## DATA FOR REVIEW
########################################

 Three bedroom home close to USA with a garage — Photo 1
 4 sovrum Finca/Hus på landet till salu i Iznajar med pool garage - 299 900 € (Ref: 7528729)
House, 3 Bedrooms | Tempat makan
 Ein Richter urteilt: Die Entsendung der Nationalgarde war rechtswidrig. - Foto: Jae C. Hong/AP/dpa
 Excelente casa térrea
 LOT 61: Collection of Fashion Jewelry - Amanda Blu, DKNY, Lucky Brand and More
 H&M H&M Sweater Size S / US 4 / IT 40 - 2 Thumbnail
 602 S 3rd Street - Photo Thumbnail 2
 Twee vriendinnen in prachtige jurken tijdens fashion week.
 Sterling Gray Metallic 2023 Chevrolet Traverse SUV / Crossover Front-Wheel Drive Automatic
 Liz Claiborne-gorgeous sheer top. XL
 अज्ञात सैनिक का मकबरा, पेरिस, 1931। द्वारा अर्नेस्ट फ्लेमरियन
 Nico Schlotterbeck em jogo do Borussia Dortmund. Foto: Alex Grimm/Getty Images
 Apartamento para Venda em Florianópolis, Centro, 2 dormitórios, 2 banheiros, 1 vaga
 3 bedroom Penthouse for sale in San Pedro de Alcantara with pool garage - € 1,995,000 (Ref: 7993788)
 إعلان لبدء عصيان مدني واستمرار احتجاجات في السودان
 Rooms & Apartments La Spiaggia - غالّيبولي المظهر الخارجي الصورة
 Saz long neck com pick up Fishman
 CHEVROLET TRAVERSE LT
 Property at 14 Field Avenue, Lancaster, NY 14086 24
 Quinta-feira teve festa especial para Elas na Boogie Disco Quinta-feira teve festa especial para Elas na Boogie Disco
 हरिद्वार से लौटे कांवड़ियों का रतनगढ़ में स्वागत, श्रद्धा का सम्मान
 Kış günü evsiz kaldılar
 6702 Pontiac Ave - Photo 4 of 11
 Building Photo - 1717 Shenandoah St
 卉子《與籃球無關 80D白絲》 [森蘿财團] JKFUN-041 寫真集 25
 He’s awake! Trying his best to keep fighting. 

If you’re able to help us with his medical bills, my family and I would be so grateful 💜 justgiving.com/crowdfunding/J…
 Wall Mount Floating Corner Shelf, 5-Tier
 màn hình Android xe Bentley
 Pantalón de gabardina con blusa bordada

########################################

## WORK INSTRUCTIONS
Print the material exactly. Include every line.

## ANSWER
 Three bedroom home close to USA with a garage — Photo 1
 4 sovrum Finca/Hus på landet till salu i Iznajar med pool garage - 299 900 € (Ref: 7528729)
House, 3 Bedrooms | Tempat makan
 Ein Richter urteilt: Die Entsendung der Nationalgarde war rechtswidrig. - Foto: Jae C. Hong/AP/dpa
 Excelente casa térrea
 LOT 61: Collection of Fashion Jewelry - Amanda Blu, DKNY, Lucky Brand and More
 H&M H&M Sweater Size S / US 4 / IT 40 - 2 Thumbnail
 602 S 3rd Street - Photo Thumbnail 2
 Twee vriendinnen in prachtige jurken tijdens fashion week.
 Sterling Gray Metallic 2023 Chevrolet Traverse SUV / Crossover Front-Wheel Drive Automatic
 Liz Claiborne-gorgeous sheer top. XL
 अज्ञात सैनिक का मकबरा, पेरिस, 1931। द्वारा अर्नेस्ट फ्लेमरियन
 Nico Schlotterbeck em jogo do Borussia Dortmund. Foto: Alex Grimm/Getty Images
 Apartamento para Venda em Florianópolis, Centro, 2 dormitórios, 2 banheiros, 1 vaga
 3 bedroom Penthouse for sale in San Pedro de Alcantara with pool garage - € 1,995,000 (Ref: 7993788)
 إعلان لبدء عصيان مدني واستمرار احتجاجات في السودان
 Rooms & Apartments La Spiaggia - غالّيبولي المظهر الخارجي الصورة
 Saz long neck com pick up Fishman
 CHEVROLET TRAVERSE LT
 Property at 14 Field Avenue, Lancaster, NY 14086 24
 Quinta-feira teve festa especial para Elas na Boogie Disco Quinta-feira teve festa especial para Elas na Boogie Disco
 हरिद्वार से लौटे कांवड़ियों का रतनगढ़ में स्वागत, श्रद्धा का सम्मान
 Kış günü evsiz kaldılar
 6702 Pontiac Ave - Photo 4 of 11
 Building Photo - 1717 Shenandoah St
 卉子《與籃球無關 80D白絲》 [森蘿财團] JKFUN-041 寫真集 25
 He’s awake! Trying his best to keep fighting. 

If you’re able to help us with his medical bills, my family and I would be so grateful 💜 justgiving.com/crowdfunding/J…
 Wall Mount Floating Corner Shelf, 5-Tier
 màn hình Android xe Bentley
 Pantalón de gabardina con blusa bordada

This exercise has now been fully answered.